Journalism

Ka-Ka-Ka-Katie-astrophe…

The CBS Evening News hit a 20 year ratings low last week, giving perky – upbeat anchorperson Katie Couric the dubious honor of having surpassed one of Dan Rather’s less admirable achievements.

In fact, after hitting a low average of 6,157,000 for a week in March, Couric topped – er, bottomed that with an average of 6,050,000 this past week. She lags some 2,000,000 viewers behind both NBC’s Brian Williams and ABC’s Charles Gibson.

Explanations for Couric’s failure may not be so simple…

While it’s easy to point at issues like Couric’s background as a perky morning host/celebrity schmoozer on The Today Show, Charles Gibson did his own lengthy stint on morning TV as a co-host on Good Morning America. Williams, who hosted “news” programs on both MSNBC and CNBC before his elevation to evening news anchor stardom has also done his share of “fluff news” reporting.

So. Is it that the bar has been set higher for Couric because she is a woman? Some commentators think that it’s less that Couric is a woman than it is that she’s the wrong woman.

Or because she’s tried to bring some humor to the news? Some commentators certainly think so.

Whatever the problems are, they’re showing up as a lack of eyeballs. In the hyper-competitive evening news field, where the networks compete for fewer viewers with each passing month it seems, that spells trouble for Couric – and further decline for the news organization that gave us Murrow and Cronkite.

7 replies »

  1. As much as I hate to say it, sometimes decent TV “journalists” do fluff. Hell, they made Murrow do crap from time to time.

    But the question, when looking at people who have done both, is this: am I looking at a real reporter doing a fluff piece or am I looking at a fluffball trying to do real news?

  2. I suggest the latter. At least when Murrow did fluff, he wrote his own fluff. So did Cronkite. So did Rather. So did Reynolds. So did Jennings. So did Brokaw.

    Whether she’s a woman or the “right” woman isn’t the point. She just doesn’t have the work ethic or hard-news journalistic instincts viewers expect in the person sitting in that chair.

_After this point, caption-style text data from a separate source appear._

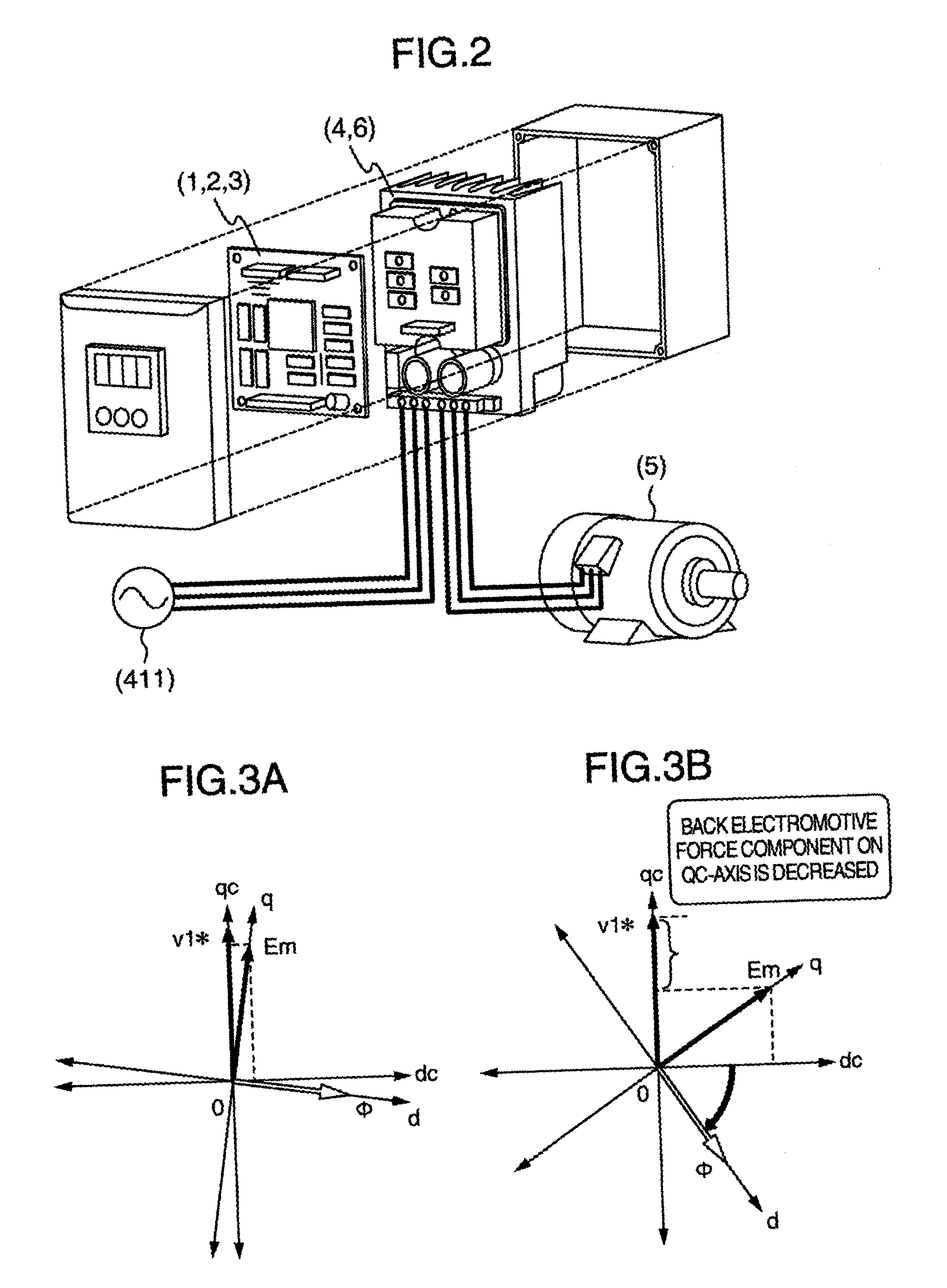 System for driving electric motor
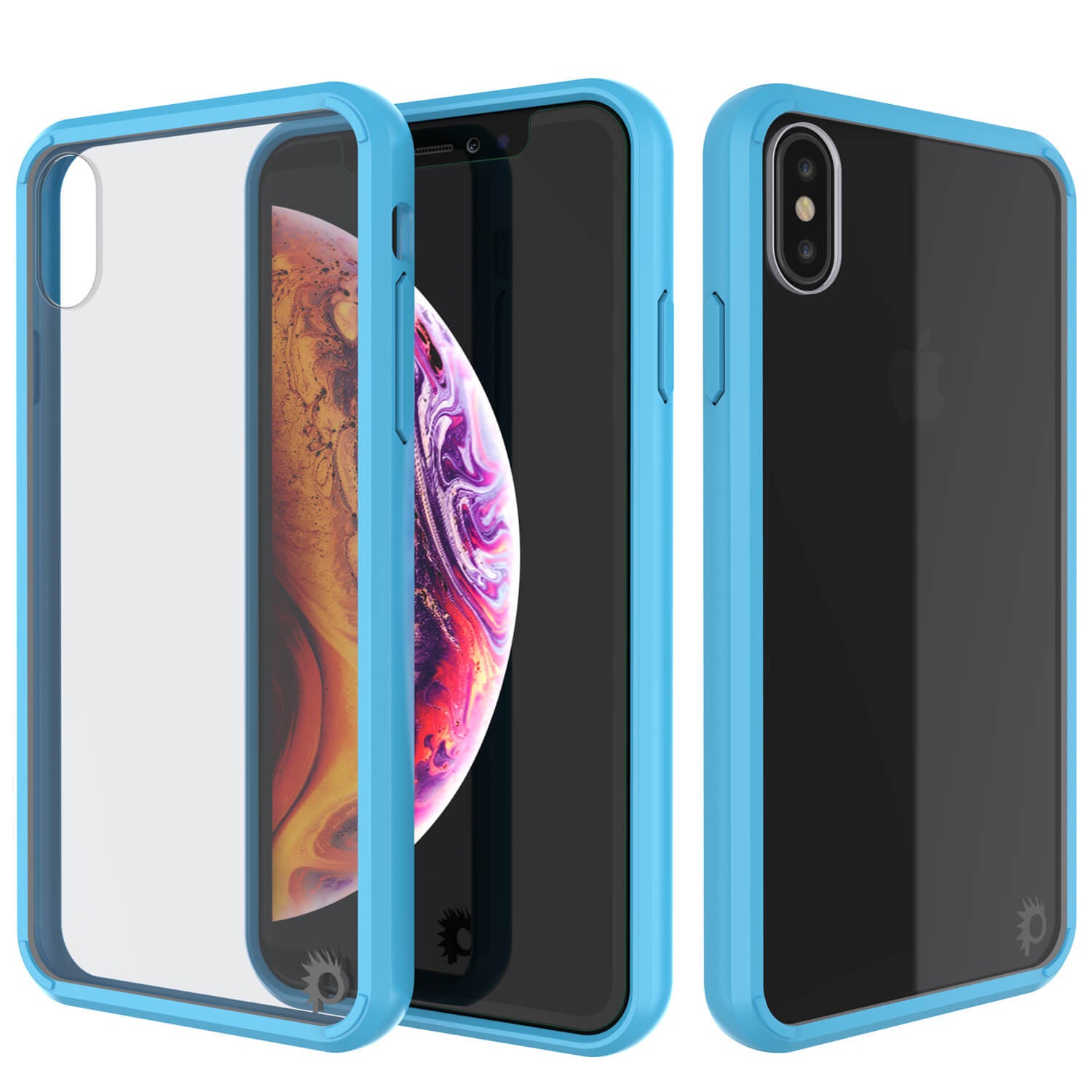 iPhone XS Max Case, PUNKcase [Lucid 2.0 Series] [Slim Fit] Armor Cover [Light-Blue]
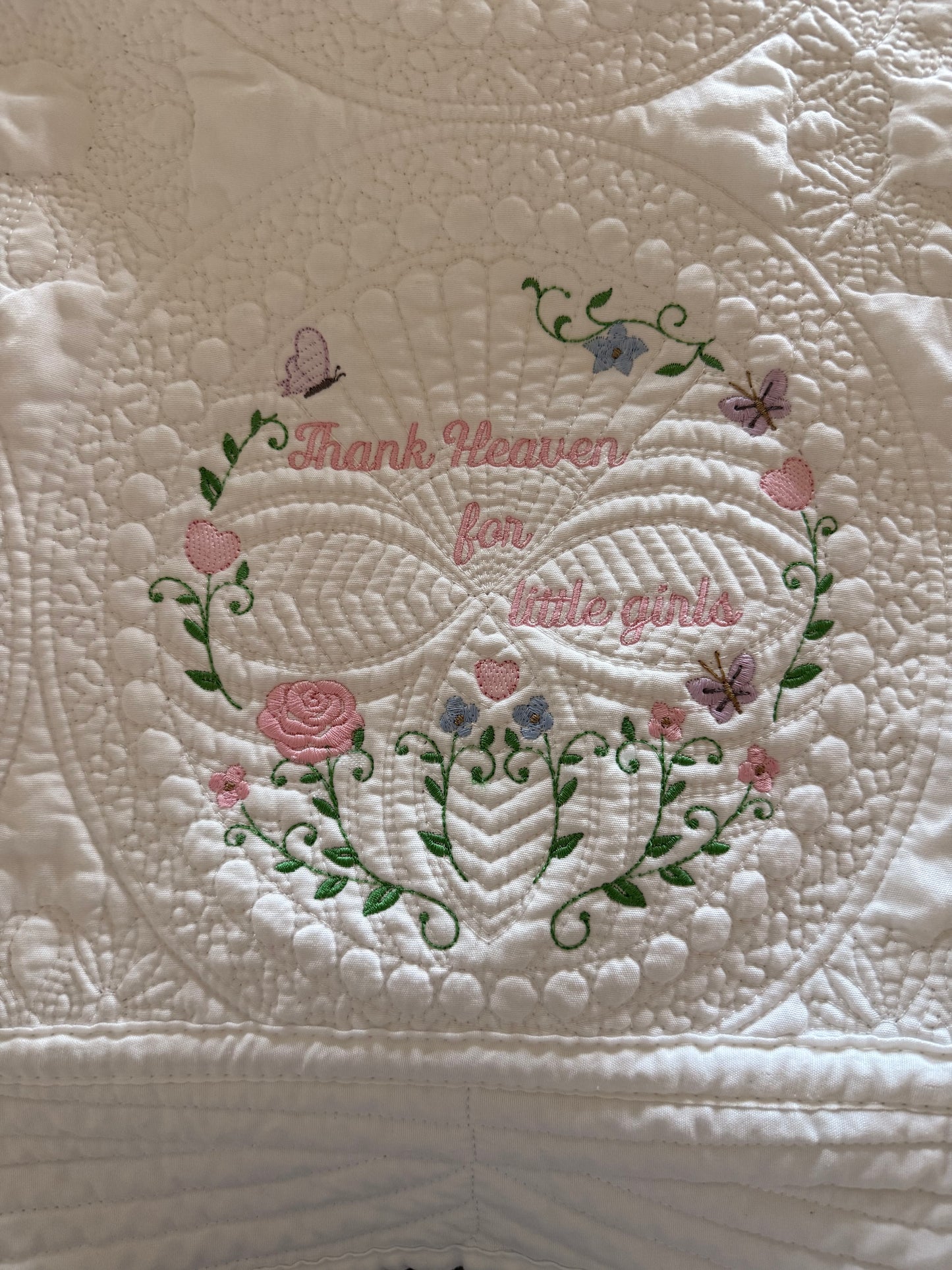 Baby Heirloom Quilt - Thank Heaven for Little Girls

  3. I agree with drdenny here.

    Her interview with the Edwards family was pathetic, she never asks the hard questions, she doesn’t follow up or through to nail someone down, she doesn’t seem to do her homework, and she toes the line du jour, but in a completely innocuous way. I’ve seen harder journalism on E! She’s a perky fluffball.

    Compelling viewing, she does not make.

    It’s too bad that the pinnacle of her career was getting a colonoscopy in front to the entire world.

  4. Not gonna argue any of those points – I thought she was a poor choice from the git go – why the hell, if they were going to go outside, that they didn’t go for somebody like Christiane Amanpour – who’s both an excellent journalist and a woman (assuming those were the criteria they were looking at to differentiate from the other networks) – even Paula Zahn would have been a better choice….

  5. Here’s the good news, though. Putting Katie! in the same chair that Cronkite once sat in was full-spectrum stupid. It was an insanely, indefensibly dumb affront to the very idea of news. And nothing is quite as satisfying as seeing idiots losing.

    The tragedy here isn’t that CBS only has 6,157,000 viewers. It’s that they have any at all.